El desconcierto y la incertidumbre que marcaron buena parte del proceso electoral 2016 fueron expresión de diversos factores; voy a mencionar los dos más importantes. De un lado, la proliferación de partidos y candidaturas que –en su mayoría– carecen de capacidades para representar y para trascender en el tiempo.
Del otro, una legislación que no sirve para depurar candidaturas ni para democratizar los procesos internos de los partidos, y mucho menos para proteger las finanzas de campaña en un país seriamente afectado por el narcotráfico y la minería y tala ilegales.
A mitad del 2016, nos encontrábamos ya con un nuevo Congreso y una nueva oportunidad para la reforma electoral, pero al cierre del año es mucho más lo pendiente que lo avanzado. El grupo de trabajo de reforma electoral creado en la Comisión de Constitución escuchó a todos, pero su informe no ofrece soluciones eficaces a los graves problemas de nuestro sistema electoral y de partidos. No hay en dicho informe medidas que fortalezcan las capacidades de los organismos electorales para contener la penetración de dineros e intereses ilícitos en la política; por el contrario, flexibiliza topes y obligaciones. También ha dejado pendiente la reclamada discusión sobre el voto preferencial y las elecciones internas; ni qué decir de la paridad y la alternancia de género en las listas que tanto impacto tendría en las elecciones regionales y municipales, especialmente. De estas y otras reformas urgentes tendrá que hacerse cargo la Comisión de Constitución y el pleno del Congreso en el período de marzo a julio del 2017.

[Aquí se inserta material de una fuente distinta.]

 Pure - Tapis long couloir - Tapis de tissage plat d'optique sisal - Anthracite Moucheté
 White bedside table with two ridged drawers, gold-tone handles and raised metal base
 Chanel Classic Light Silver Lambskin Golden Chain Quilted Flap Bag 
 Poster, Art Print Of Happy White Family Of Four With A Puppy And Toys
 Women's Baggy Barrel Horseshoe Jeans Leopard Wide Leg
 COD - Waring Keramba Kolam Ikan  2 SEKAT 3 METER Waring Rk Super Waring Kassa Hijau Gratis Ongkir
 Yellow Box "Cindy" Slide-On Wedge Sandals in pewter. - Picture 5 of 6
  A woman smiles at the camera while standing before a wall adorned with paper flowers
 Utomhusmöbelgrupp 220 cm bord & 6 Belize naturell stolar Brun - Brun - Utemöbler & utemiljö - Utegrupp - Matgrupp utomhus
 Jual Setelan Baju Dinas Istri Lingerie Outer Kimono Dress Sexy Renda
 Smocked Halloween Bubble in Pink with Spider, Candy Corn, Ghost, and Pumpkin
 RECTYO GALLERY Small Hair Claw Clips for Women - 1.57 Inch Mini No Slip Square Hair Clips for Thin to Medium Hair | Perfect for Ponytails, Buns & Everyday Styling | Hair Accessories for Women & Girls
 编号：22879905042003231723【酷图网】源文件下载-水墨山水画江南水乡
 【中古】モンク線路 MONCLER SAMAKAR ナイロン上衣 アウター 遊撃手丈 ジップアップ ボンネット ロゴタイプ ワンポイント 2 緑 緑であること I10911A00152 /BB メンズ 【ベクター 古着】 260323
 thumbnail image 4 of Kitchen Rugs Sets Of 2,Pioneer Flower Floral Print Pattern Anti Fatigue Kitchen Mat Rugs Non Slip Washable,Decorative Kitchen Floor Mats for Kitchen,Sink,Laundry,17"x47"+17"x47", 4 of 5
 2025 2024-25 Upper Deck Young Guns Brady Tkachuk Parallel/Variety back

La Comisión de Constitución habrá de decidir también sobre los impedimentos para que condenados por narcotráfico, terrorismo y corrupción sean candidatos, tema sobre el cual se han pronunciado el JNE y la Asociación Civil Transparencia, en este caso con el respaldo de más de 50 mil firmas que serán entregadas al Congreso y la PCM. Propuestas para transparentar la política y librarla de la corrupción han sido incluidas en el informe de la Comisión Presidencial de Integridad y deben aplicarse si queremos una reforma en serio.
Si bien la responsabilidad está principalmente en el terreno del Congreso, no todo se juega ahí. Una acción ciudadana por cambios institucionales asoma con las miles de adhesiones generadas por el voluntariado de Transparencia, el debate abierto por la Comisión Presidencial de Integridad y la confluencia de instituciones sociales y medios de comunicación que demandan transparencia e integridad.
El gobierno tiene también la responsabilidad de poner en marcha varias de las propuestas que le han sido presentadas y a las que se comprometió, y de remitir otras al Congreso en ejercicio de sus facultades de iniciativa legislativa.
En la materia que nos ocupa, el 2017 se iniciará con un hecho de máxima importancia: la designación del jefe de la ONPE para los siguientes cuatro años. El tema es crucial y preocupante a la vez. Se trata del funcionario que conducirá las elecciones regionales y municipales del 2018 y preparará –tal vez incluso dirigirá– las presidenciales y parlamentarias del 2021; una persona cuyas cualidades de neutralidad, profesionalismo y probidad deben estar fuera de toda duda. La ONPE cuenta con elevados índices de confianza ciudadana, pero la selección de su jefe está en manos de un cuestionadísimo Consejo Nacional de la Magistratura; el mismo CNM cuya reforma ha sido demandada tanto en el informe de la Comisión
Presidencial de Integridad, el Acuerdo por la Justicia y el Plan 32. De allí que debamos estar vigilantes y proponer medidas para que el proceso de selección del jefe de la ONPE sea objetivo, transparente y libre de injerencias políticas.
La responsabilidad de reformar requiere voluntad de cambio, innovación y mejora.